◆ INSTRUCTIONS FOR THE TASK:
Give back the data below word for word. Any image in it should be left out.

◆ RECORDS FOR THIS TASK:

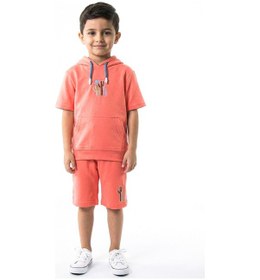 Resim Xo Kids Erkek Çocuk Yazlık 2li Alt Üst Takım Tişort + Şort 2-7 Yaş 3221 Coral 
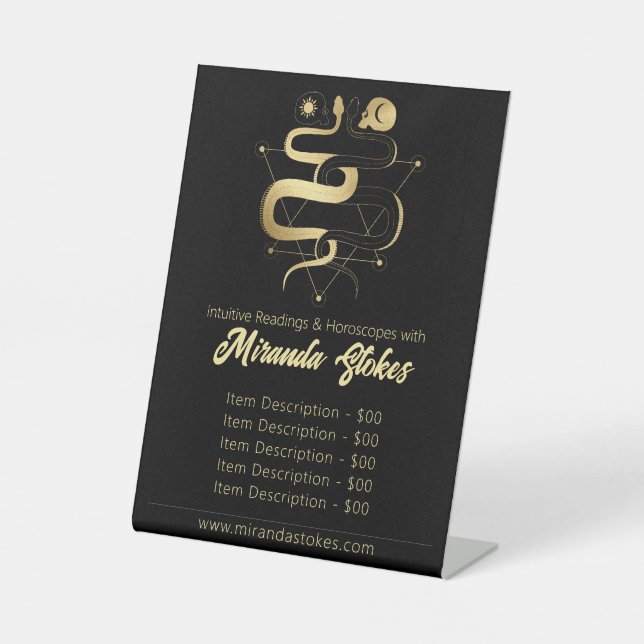 Signe De Table Black & Gold Twin Snakes Gothique Tarot Tarifs (Recto)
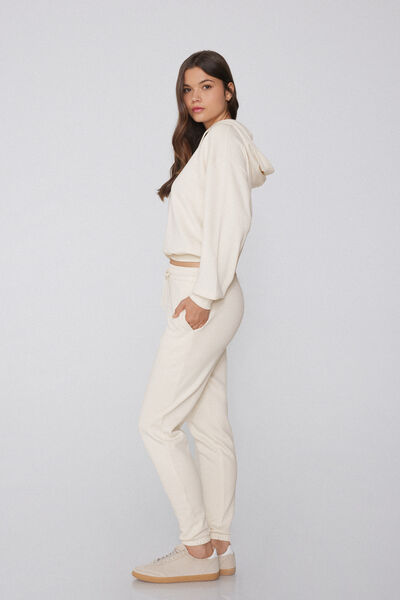 Tezenis Pantalón de Chándal de Felpa Gruesa Mujer Blanco Tamaño S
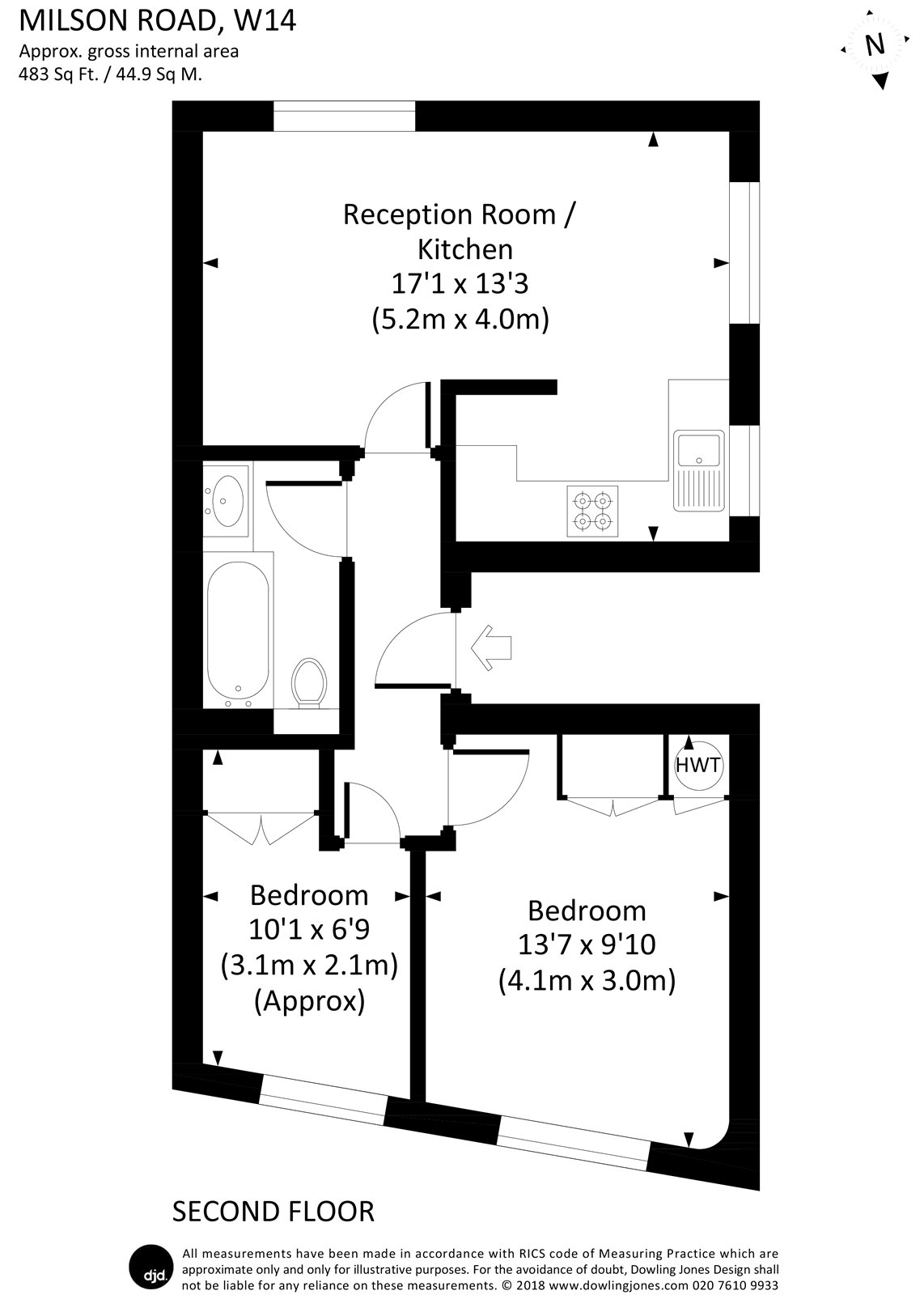 2 Bedrooms Flat to rent in Milson Road, Kensington Olympia W14
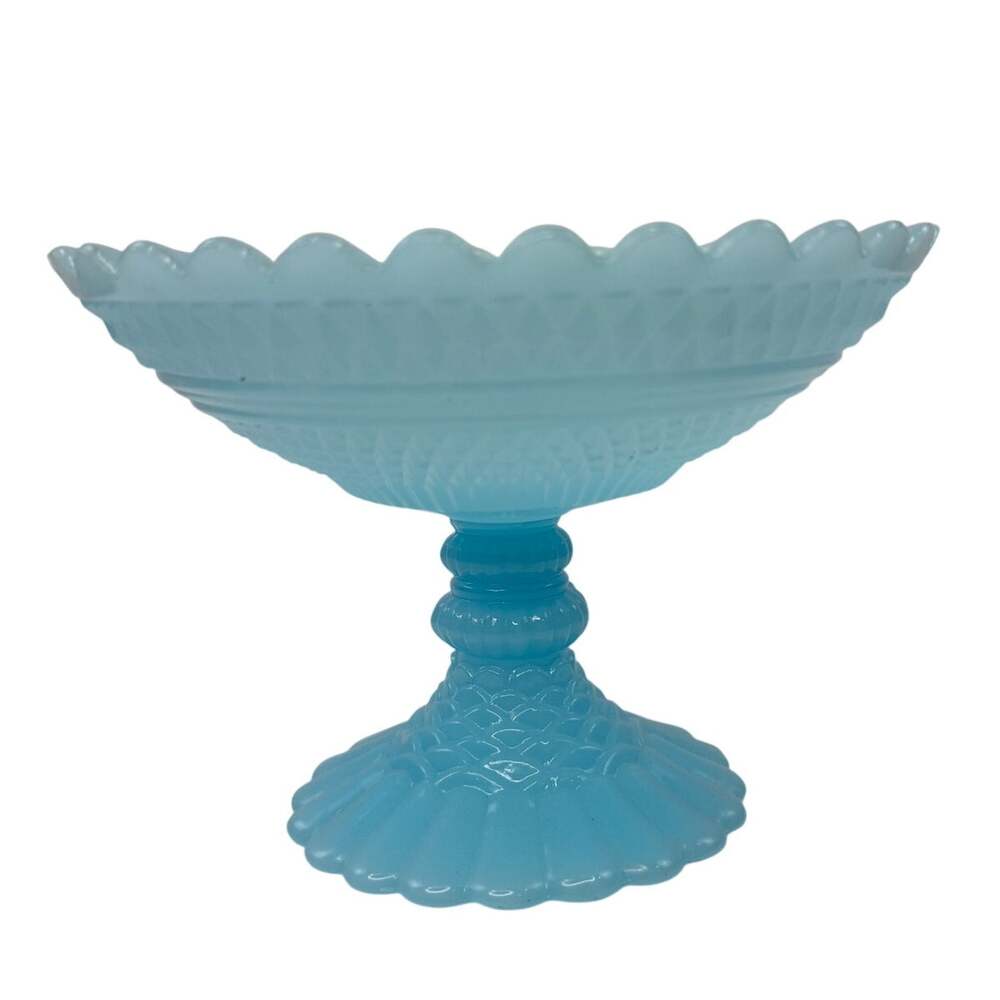 VINTAGE Blue Opaline Milk Aqua Pedestal Candy Bowl Glass Diamond Ruffled Rim VTG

◆ ANSWER BOX:
 Resim Xo Kids Erkek Çocuk Yazlık 2li Alt Üst Takım Tişort + Şort 2-7 Yaş 3221 Coral 
 Signe De Table Black & Gold Twin Snakes Gothique Tarot Tarifs (Recto)
 Tezenis Pantalón de Chándal de Felpa Gruesa Mujer Blanco Tamaño S
 2 Bedrooms Flat to rent in Milson Road, Kensington Olympia W14
 VINTAGE Blue Opaline Milk Aqua Pedestal Candy Bowl Glass Diamond Ruffled Rim VTG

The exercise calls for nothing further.